É neste sentido que alguns programas de capacitação de adultos com PEA tem procurado olhar para todos estes resultados ao longo dos anos e tem procurado associar os programas de treino de competências sociais a estes programas para a empregabilidade. Como tal estes programas de capacitação para as pessoas adultas com PEA integrarem o mercado de trabalho com mais possibilidades passa por desenvolver ferramentas ao nível da interacção social e comunicação adaptadas às situações reais de emprego. Nomeadamente, a prática e uma escuta activa e da comunicação verbal e não verbal. Mas também de como criar uma boa impressão, seja a primeira mas também as subsequentes. Seja ao nível da linguagem mas também da imagem. A gestão das emoções, das suas e dos colegas com quem trabalham em conjunto é fundamental. Hoje em dia há cada vez mais um maior número de processos que são desenvolvidos em equipa. Não só, mas também os aspectos relativamente às funções executivas e de resolução de problemas. E associado a tudo isto a gestão do stress. As competências de comunicação verbal, nomeadamente a conversação circunstancial, entre outros aspectos é vital.

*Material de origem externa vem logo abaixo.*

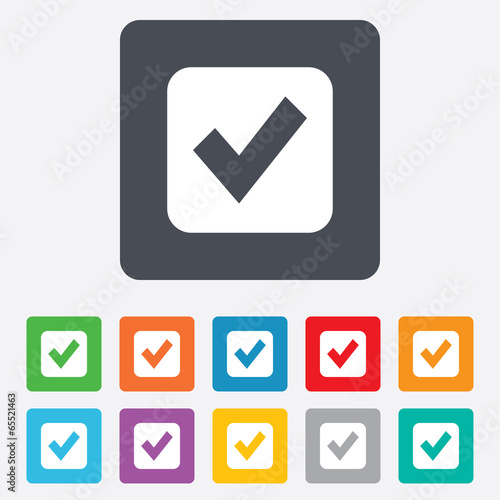 Check mark sign icon. Checkbox button.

Ainda que a ideia que possa transparecer daqui seja que as pessoas adultas com PEA têm que se tornar pessoas que verdadeiramente não o são e não desejam - serem iguais aos seus pares neurotipicos. Penso que é crucial poder juntos dos mesmos poder trabalhar estas competências fornecendo a ideia de que eles e elas não se têm de transformar em pessoas que não são ou não desejam ser. A ideia é poder adoptar nestas ideias o conceito de "camuflagem social", ou seja, de poderem desenvolver determinadas ferramentas psicossociais que possam ajudar neste processo. Ainda que a camuflagem social esteja associada a resultados negativos ao nível da saúde mental. Ou seja, as pessoas que mais frequentemente usam a camuflagem social são aqueles que maiores níveis de ansiedade e depressão apresentam. É fundamental que as pessoas adultas com PEA possam continuar com o seu processo de acompanhamento psicoterapêutico ao longo da vida. E não esquecer que há todo um trabalho que também continua a ser feito para a sensibilização das empresas de recrutamento e selecção e das Organizações em termos da sua cultura organizacional.